Figure 8: RAS-PI3K crosstalk mediates AKT reactivation in the absence of p-ErbB3.

(a) 6L1G but not TZB treatment blocks both RAS-GTP formation and RAS–p110α interaction. RAS-GTP pull-down assay using GST-RBD beads (top) and co-immunoprecipitation of p110α and RAS with pan-RAS immunoblot detection (bottom) after 72 h of treatment of BT474 cells with 5 μM of RAS farnesyltransferase inhibitor lonafarnib alone or in combinations with 100 nM TZB and 6L1G. (b–e) Combination treatment of TZB with RAS farnesyltransferase inhibitor blocks p-AKT rebound and triggered apoptosis. Inhibition of XTT cell proliferation (b), cell cycle (c), and downstream signalling (d) after 72 h of treatment with 5 μM tipifarnib in combination with 100 nM TZB or 6L1G (Supplementary Fig. 5G). The p-AKT rebound was quantified over 48 h in e. In b–e, tipifarnib was used at 5 μM concentration in BT474, AU565, HCC1419 and at 1 μM in SKBR3 cells. Note that ERK phosphorylation was inhibited by both 5 μM tipifarnib and lonafarnib (two-sided, unpaired Welch’s t-test). (f) Selective RAS inhibitors RAS104 and RAS107, blocking the RAS-RBD binding interface, induce apoptosis in combination with TZB after 3 days treatment in BT474 cells.
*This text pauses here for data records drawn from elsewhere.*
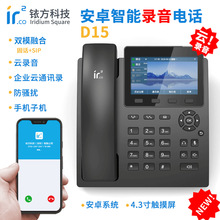 銥方D15安卓智能自動錄音電話座機 中文電話本網絡IP有線固話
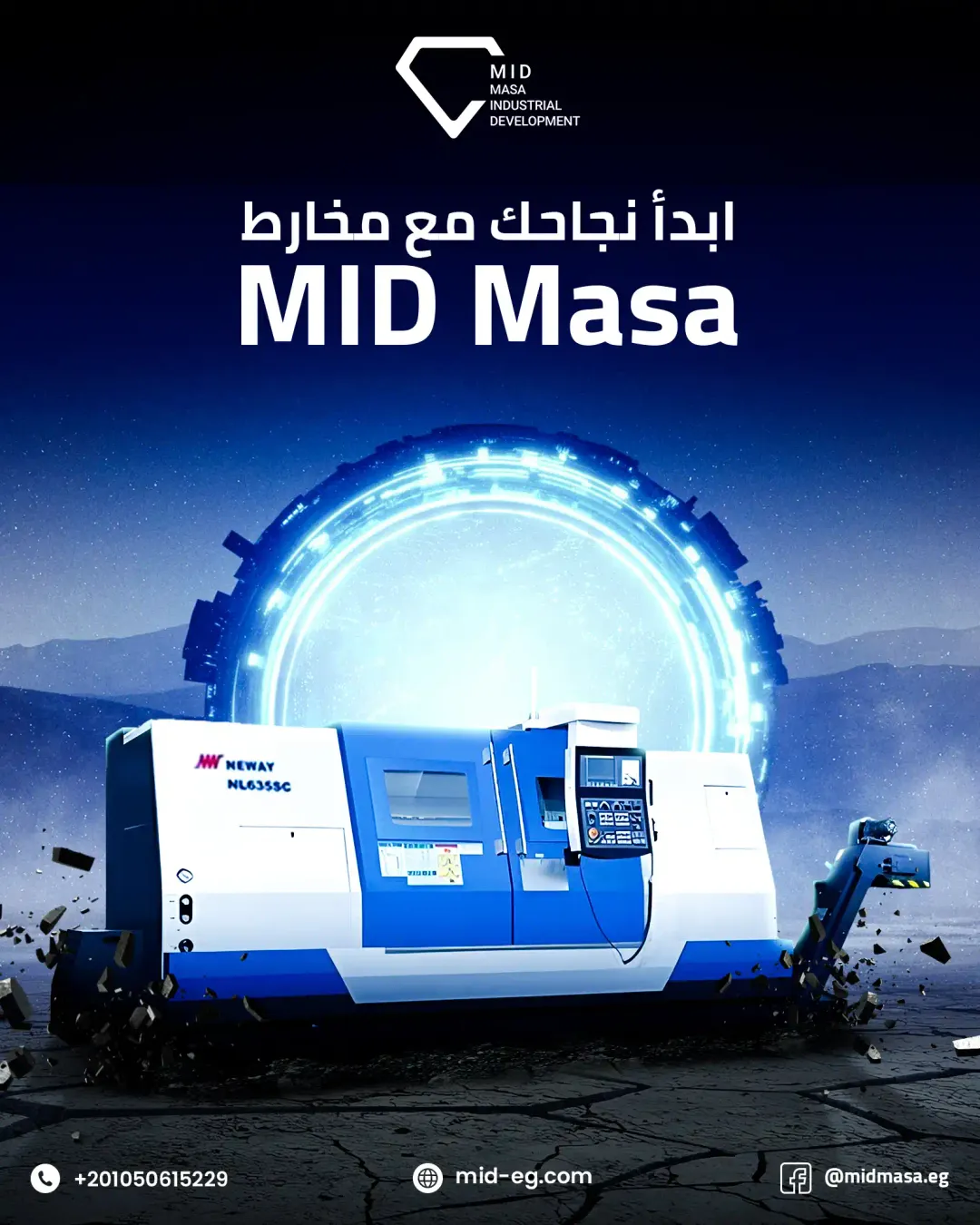 Mid Masa - Social Media Designs — Image 7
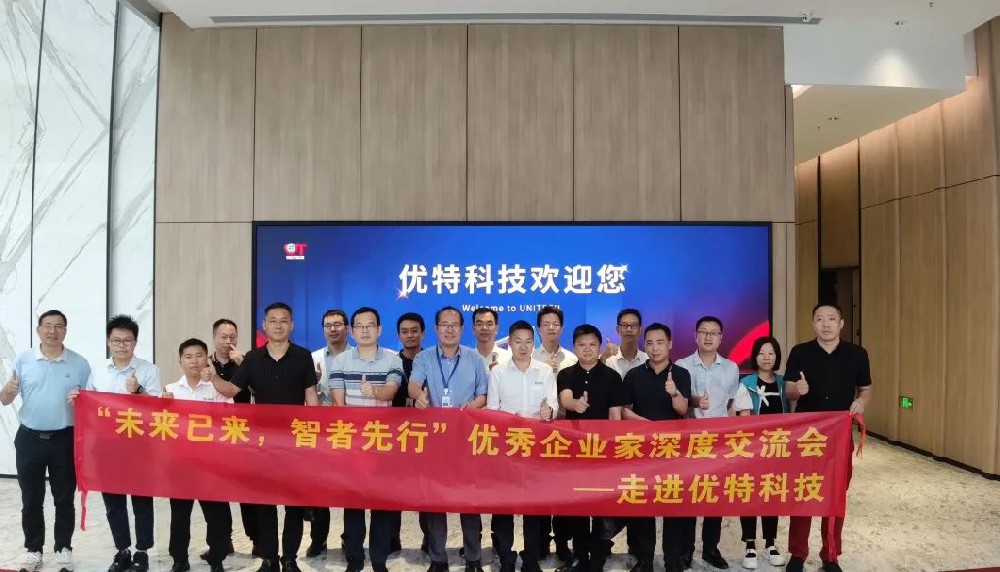 思想先行、破局蜕变，加快数智创新，标杆互访游学走进珠海优特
The non-interfering RAS binder RAS109 or the non-targeted DARPin E3_5 were used as controls with minute or no pro-apoptotic activity, respectively. BT474 cells were transfected with plasmids expressing RAS104, RAS107, RAS109 or E3_5 GFP-fusions and treated with 100 nM TZB 24 h later (Supplementary Fig. 5B). The PFA-fixed cells were stained with Vybrant Ruby stain, and the transfected GFP-positive population was analysed by FACS for cell cycle distribution.